3. Software and Cable Installation

After the adapters are installed, the software has to be installed next. On the nodes, the hardware driver and additional kernel modules, user space libraries and the node manager have to be installed. On the frontend, the network manager and the cluster administration tool will be installed.

3.1. Running the Dolphin Installer

The software installation on windows is plug and play with the windows installer package (*.msi). The windows installer is executed on all nodes in the system, either in paralell or one by one. The same installer image is used for all the Dolphin software componentents.

Start the software installation by double-clicking the installer image.

Figure 4.1. Windows Installer: Icon

Windows Installer: Icon


You will be met by a welcome message.

Figure 4.2. Windows Installer: Welcome Message

Windows Installer: Welcome Message


Click Next to select which components to install.

Figure 4.3. Windows Installer: Setup Type

Windows Installer: Setup Type


Choose your setup type.

  • Graphical installation can be used to.

    • Generate configuration files on a machine away from the running cluster.

    • Monitoring the Dolphin Admin GUI on a loosely connected machine.

  • Management selection installs the centrialized management tools. You may run the centralzied management daemon, Dolphin Network Manager on one of the nodes in the cluster, or on a seperate node that does not require Dolphin hardware.

  • Compute node installs drivers, the node manager daemon and other software that runs on the Dolphin Adapters.

  • Custom installation is typically used if you want to install more than one Dolphin Software module, e.g both Compute and Management on a single node, if you want to de-select some components, or have other special requirements.

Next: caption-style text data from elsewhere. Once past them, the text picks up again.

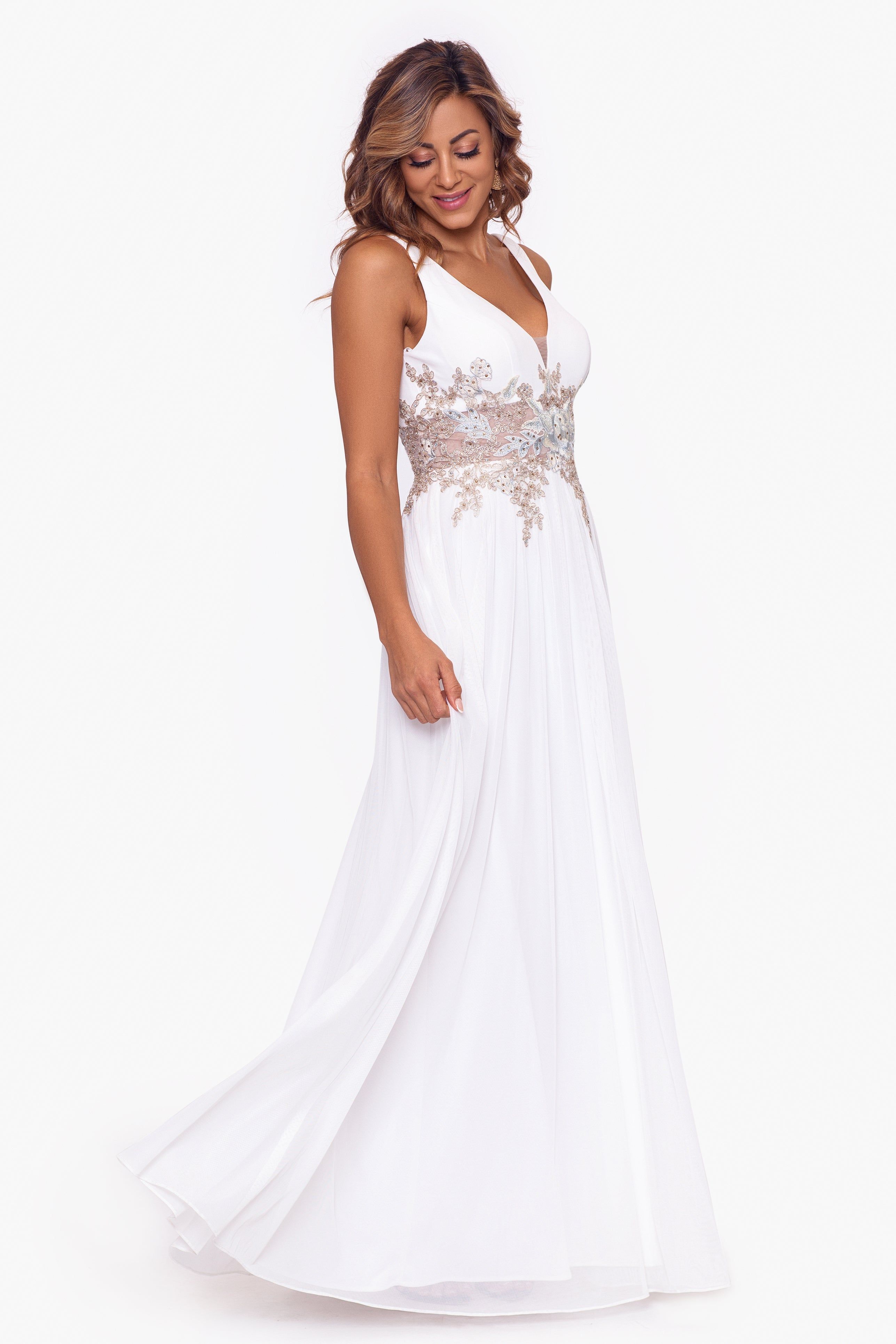 "Zoe" Long Chiffon Embroidery Waist V Neck Dress sold by Betsy & Adam product image thumbnail 3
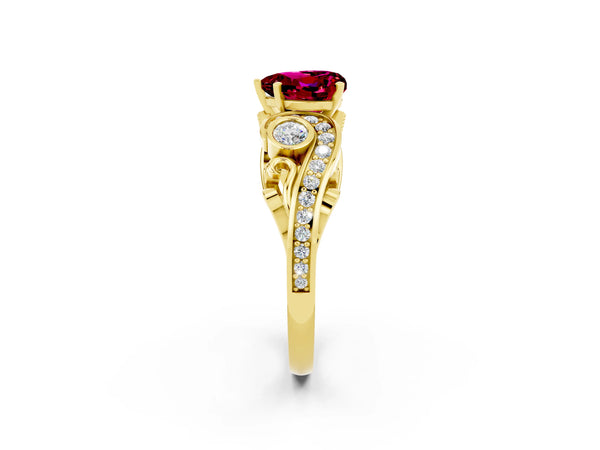 Yellow gold Heart Cut Garnet Solitaire Ring with Milgrain Pavé Band and Four-Prong Setting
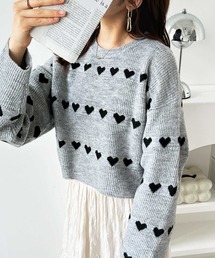 ハート柄ショートニットプルオーバー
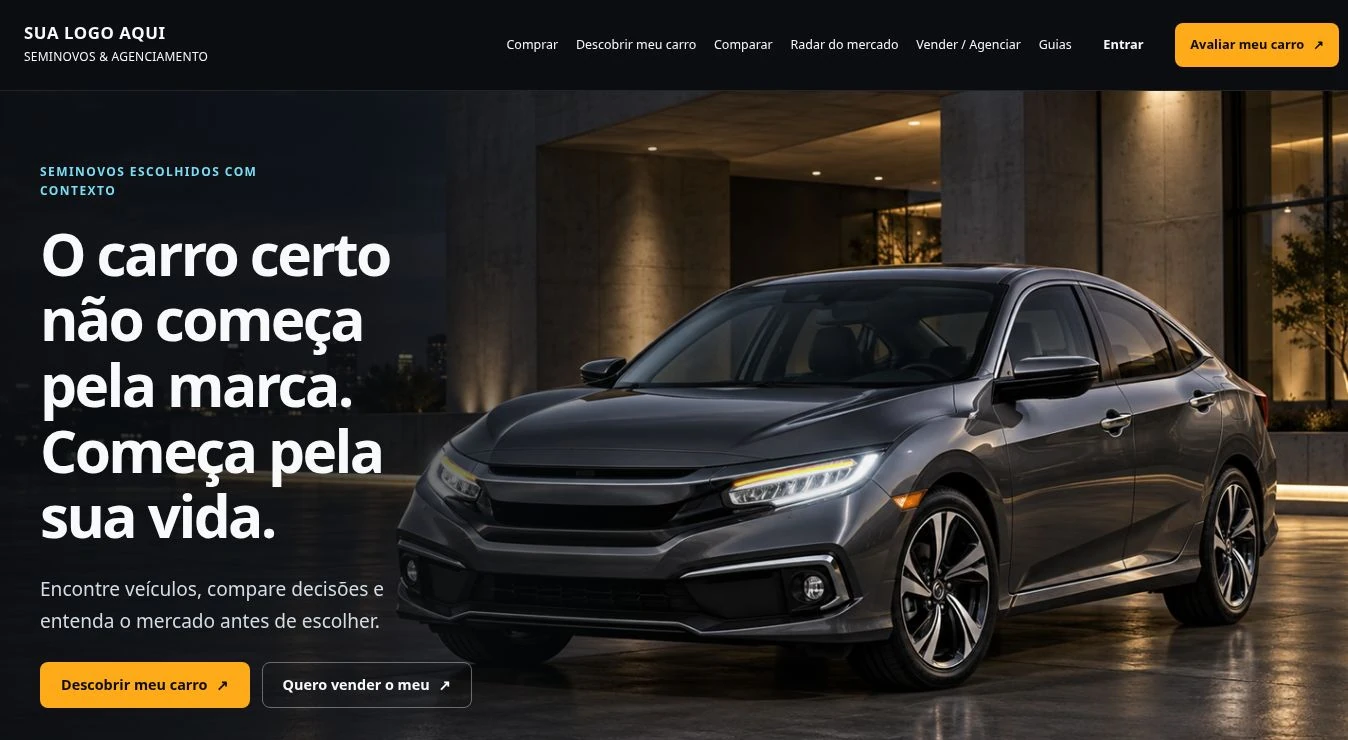 Primeira dobra do site demonstrativo automotivo para seminovos.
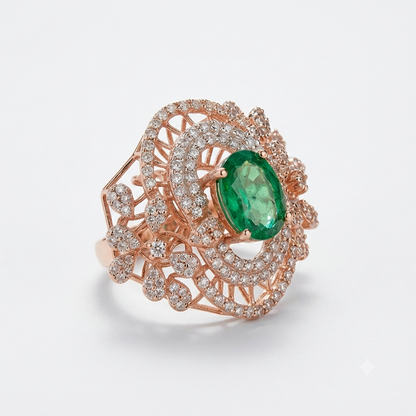 Rose Gold Emerald & Diamond Swirl Ring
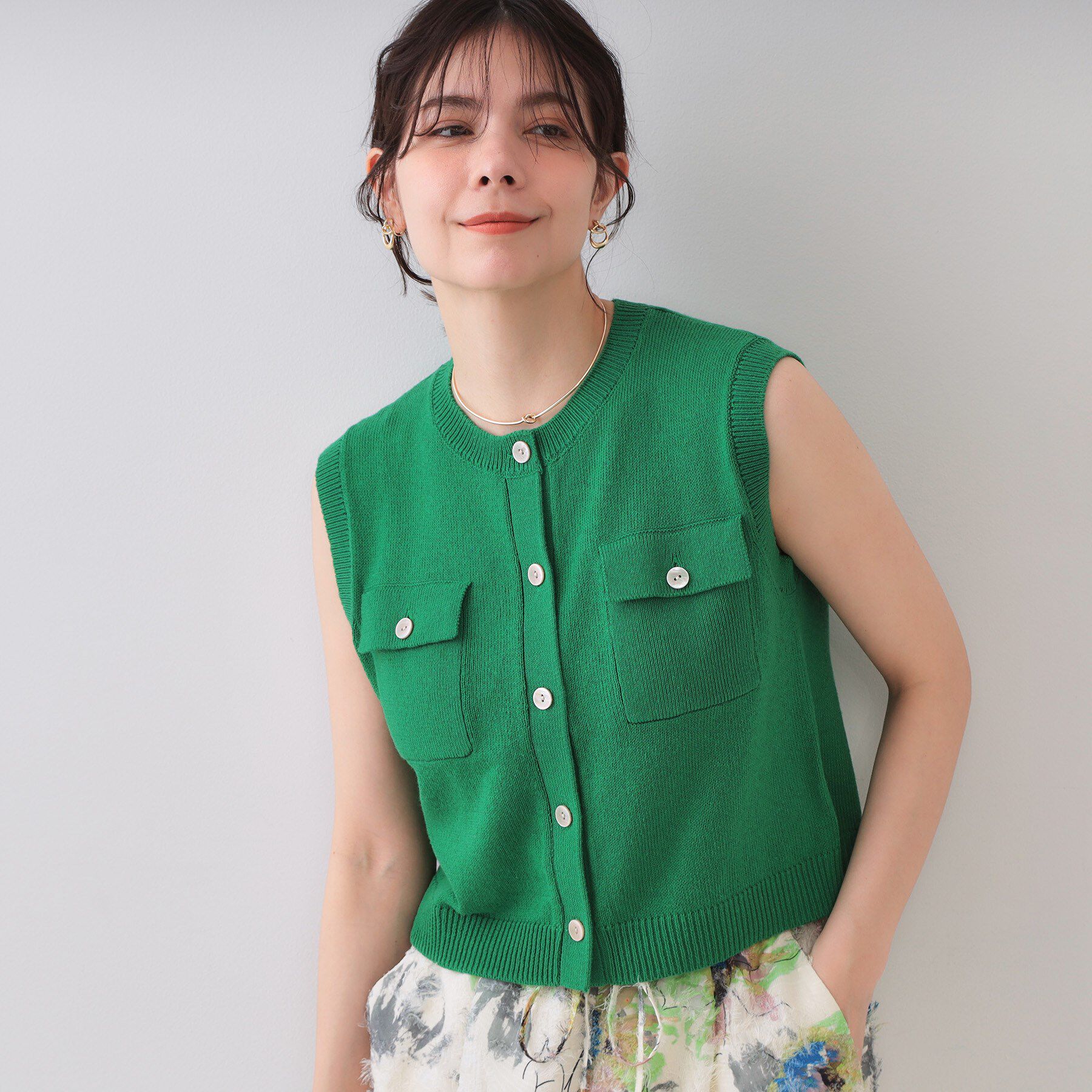 OPAQUE.CLIP「ダブルポケットニット【洗濯機洗い可】」|ニット・セーター|グリーン(022)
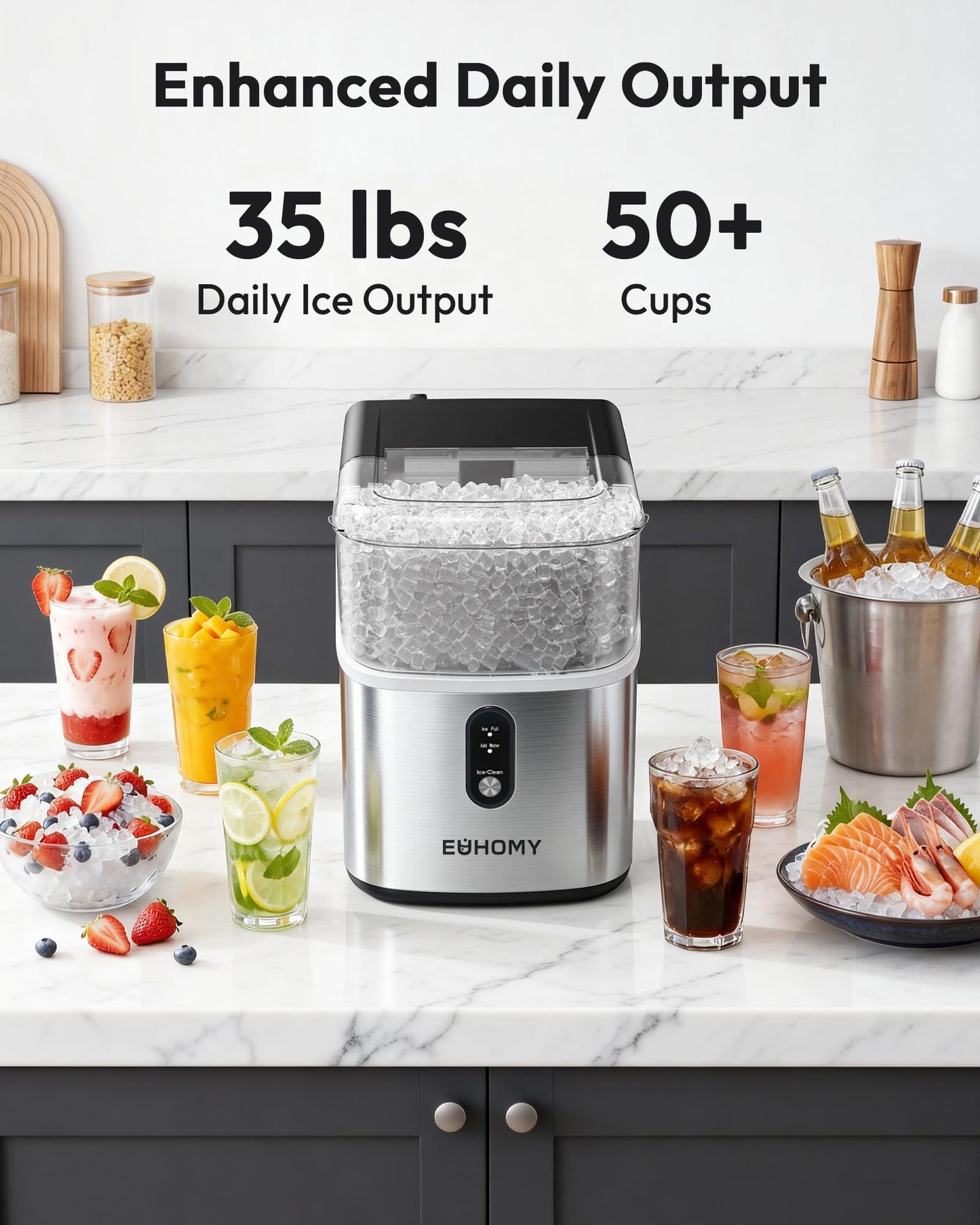 EUHOMY Nugget Ice Maker Countertop, Ready in 7 Mins, 35Lbs/24H Pebble Ice Maker Machine, Self-Cleaning Countertop Sonic Ice Makers with Ice Scoop&Basket, Pellet Ice Maker for Home, Stainless Steel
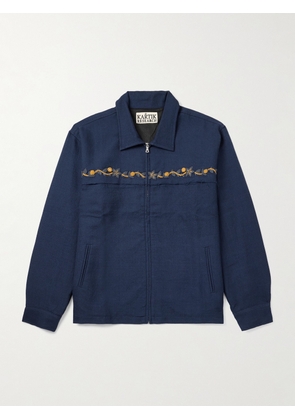 Kartik Research - Embroidered Wool Jacket - Men - Blue - S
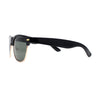 Mens Black Gold Temper Glass Lens Hipster Classic Half Rim Sunglasses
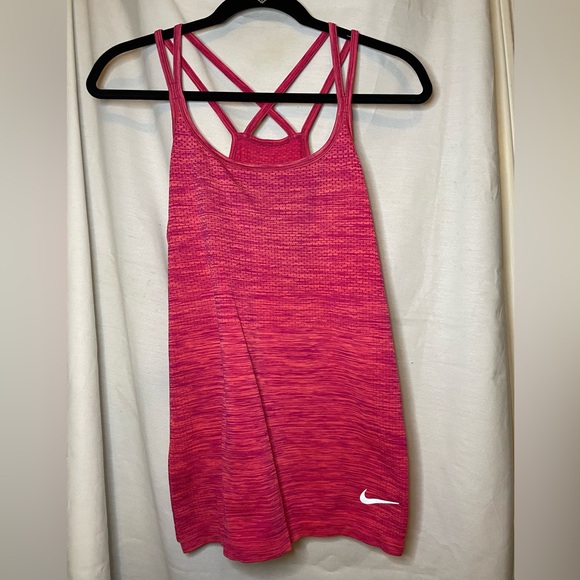 Nike DriFit Red Pink Heather Look Athletic Tank Top Size S - Picture 2 of 8
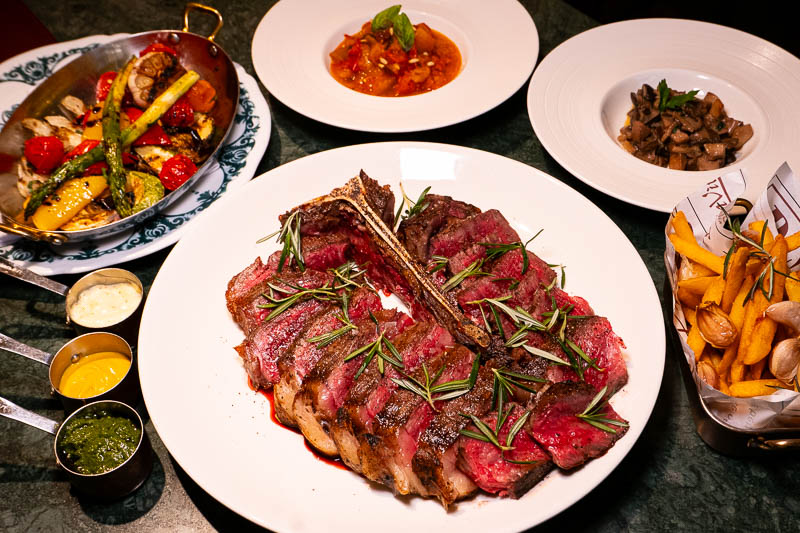 Steak at Bella Vita Bistro, an elegant Italian restaurant in Shanghai.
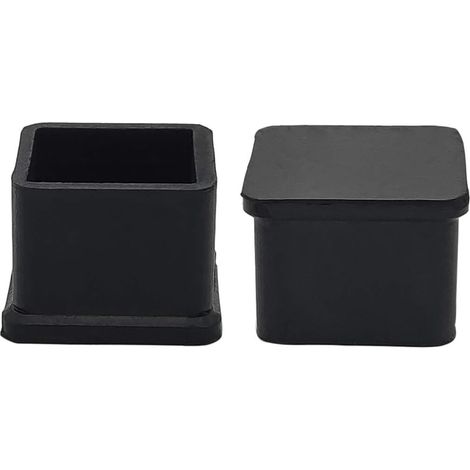 Embouts Carrés Caoutchouc Pieds Chaise Table, Noir, 30x30mm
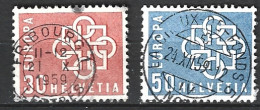 SUISSE. N°630-1 Oblitérés De 1959. Europa'59. - 1959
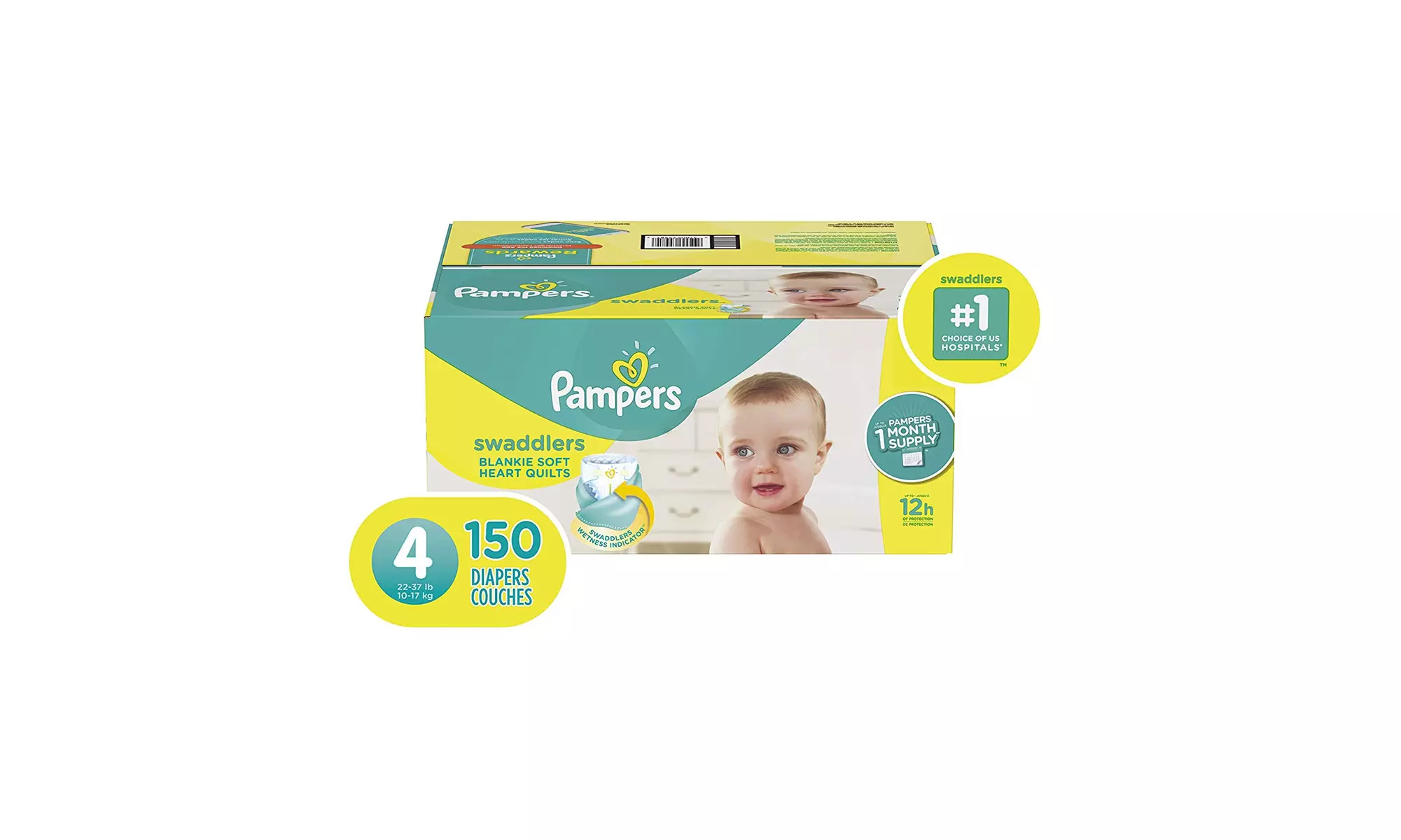 Diapers Size 4, 150 Count - Pampers Swaddlers  Baby Diapers, ONE MONTH SUPPLY  - Primary Image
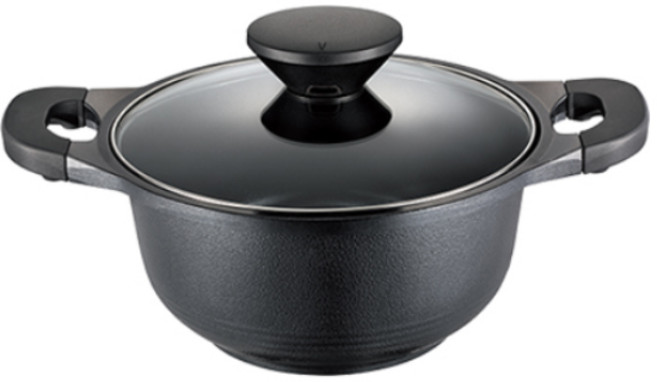 PN풍년 펄블랙 주물 IH 냄비 양수 24cm, 블랙, 1개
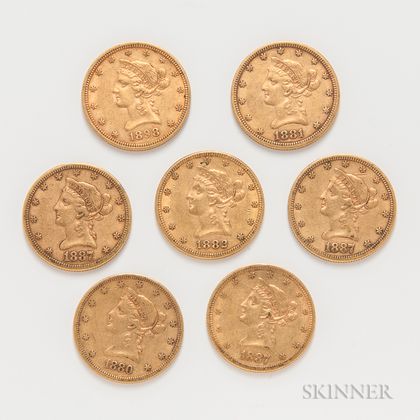 Seven $10 Indian Head Gold Coins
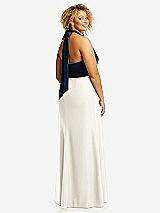 Rear View Thumbnail - Ivory & Midnight Navy High-Neck Open-Back Maxi Dress with Scarf Tie
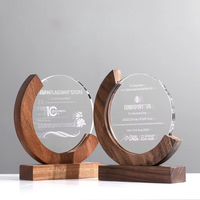 Trophée en cristal K9 avec base en bois ronde personnalisée, base en bois vierge, trophées en verre de cristal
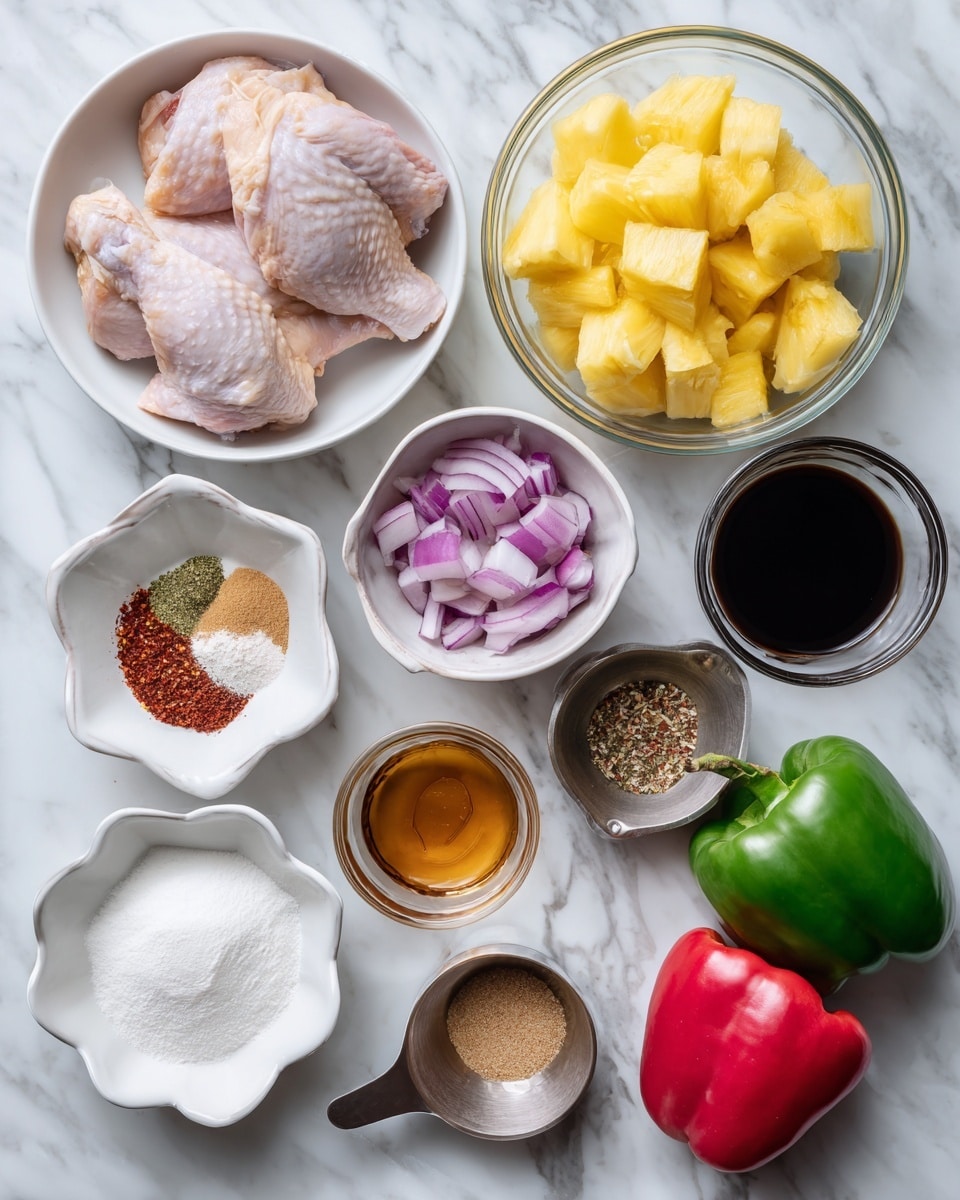 A top view of several white bowls and a white dish placed on a white marbled surface, each holding different cooking ingredients: one large white bowl with four pieces of raw chicken with pale pink skin, one clear glass bowl filled with bright yellow pineapple chunks, one white bowl with chopped red onions showing purple and white layers, one white bowl with a pile of mixed seasonings including brown powder, crushed red flakes, sesame seeds, and minced garlic pieces, one white scalloped bowl with light golden honey, one white scalloped bowl with white cornstarch powder, one metal measuring cup filled with brown sugar, and another metal measuring cup with dark soy sauce; next to the bowls are a large cut red bell pepper showing a hollow inside, and a whole green bell pepper. Photo taken with an iphone --ar 4:5 --v 7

Figure 4.4. Windows Installer: Custom Setup

Windows Installer: Custom Setup


Select the features that match your installation an click next.

Figure 4.5. Windows Installer: Installing Software

Windows Installer: Installing Software


Since installing new hardware automatically generetes some pop-ups that we do not need in the Dolphin installtion you are kindly asked to Cancel these.

Figure 4.6. Windows Installer: Cancel Wizard

Windows Installer: Cancel Wizard


We ask you to trust our software even if we are part of the Windows logo program. Select Continue Anyway.

Figure 4.7. Windows Installer: Continue Anyway

Windows Installer: Continue Anyway


If your machine has a firewall installed, then you need to open up connections between the modules in the Dolphin Admin (node manager, network manager and admin).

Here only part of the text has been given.